[Records excerpted from a collection]
= = = = =

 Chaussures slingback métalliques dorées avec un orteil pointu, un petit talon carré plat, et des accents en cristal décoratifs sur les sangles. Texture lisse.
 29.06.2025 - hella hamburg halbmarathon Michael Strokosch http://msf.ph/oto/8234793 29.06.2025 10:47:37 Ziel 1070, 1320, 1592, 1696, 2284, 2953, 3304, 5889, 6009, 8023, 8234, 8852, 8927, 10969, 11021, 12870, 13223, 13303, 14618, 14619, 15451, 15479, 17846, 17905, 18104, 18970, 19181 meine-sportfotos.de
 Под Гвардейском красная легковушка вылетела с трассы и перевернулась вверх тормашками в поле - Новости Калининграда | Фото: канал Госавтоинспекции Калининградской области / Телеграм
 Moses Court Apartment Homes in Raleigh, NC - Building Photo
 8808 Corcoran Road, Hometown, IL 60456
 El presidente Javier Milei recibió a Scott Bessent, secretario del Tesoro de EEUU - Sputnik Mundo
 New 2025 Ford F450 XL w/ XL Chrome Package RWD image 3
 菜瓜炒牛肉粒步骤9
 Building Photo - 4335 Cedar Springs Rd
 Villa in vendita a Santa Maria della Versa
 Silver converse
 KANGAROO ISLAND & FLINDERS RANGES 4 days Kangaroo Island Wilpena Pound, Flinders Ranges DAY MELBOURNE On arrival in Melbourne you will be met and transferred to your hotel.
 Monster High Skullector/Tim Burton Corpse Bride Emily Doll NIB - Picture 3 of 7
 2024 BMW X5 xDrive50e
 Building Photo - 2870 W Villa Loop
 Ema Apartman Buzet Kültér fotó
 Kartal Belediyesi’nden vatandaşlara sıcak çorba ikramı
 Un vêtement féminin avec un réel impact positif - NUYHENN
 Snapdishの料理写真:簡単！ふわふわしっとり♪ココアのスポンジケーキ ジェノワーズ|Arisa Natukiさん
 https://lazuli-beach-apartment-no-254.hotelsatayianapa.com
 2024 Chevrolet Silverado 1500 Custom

= = = = =

Reproduce each entry precisely, so that nothing differs from the original.

** RESULT FOR THIS EXERCISE **
 Chaussures slingback métalliques dorées avec un orteil pointu, un petit talon carré plat, et des accents en cristal décoratifs sur les sangles. Texture lisse.
 29.06.2025 - hella hamburg halbmarathon Michael Strokosch http://msf.ph/oto/8234793 29.06.2025 10:47:37 Ziel 1070, 1320, 1592, 1696, 2284, 2953, 3304, 5889, 6009, 8023, 8234, 8852, 8927, 10969, 11021, 12870, 13223, 13303, 14618, 14619, 15451, 15479, 17846, 17905, 18104, 18970, 19181 meine-sportfotos.de
 Под Гвардейском красная легковушка вылетела с трассы и перевернулась вверх тормашками в поле - Новости Калининграда | Фото: канал Госавтоинспекции Калининградской области / Телеграм
 Moses Court Apartment Homes in Raleigh, NC - Building Photo
 8808 Corcoran Road, Hometown, IL 60456
 El presidente Javier Milei recibió a Scott Bessent, secretario del Tesoro de EEUU - Sputnik Mundo
 New 2025 Ford F450 XL w/ XL Chrome Package RWD image 3
 菜瓜炒牛肉粒步骤9
 Building Photo - 4335 Cedar Springs Rd
 Villa in vendita a Santa Maria della Versa
 Silver converse
 KANGAROO ISLAND & FLINDERS RANGES 4 days Kangaroo Island Wilpena Pound, Flinders Ranges DAY MELBOURNE On arrival in Melbourne you will be met and transferred to your hotel.
 Monster High Skullector/Tim Burton Corpse Bride Emily Doll NIB - Picture 3 of 7
 2024 BMW X5 xDrive50e
 Building Photo - 2870 W Villa Loop
 Ema Apartman Buzet Kültér fotó
 Kartal Belediyesi’nden vatandaşlara sıcak çorba ikramı
 Un vêtement féminin avec un réel impact positif - NUYHENN
 Snapdishの料理写真:簡単！ふわふわしっとり♪ココアのスポンジケーキ ジェノワーズ|Arisa Natukiさん
 https://lazuli-beach-apartment-no-254.hotelsatayianapa.com
 2024 Chevrolet Silverado 1500 Custom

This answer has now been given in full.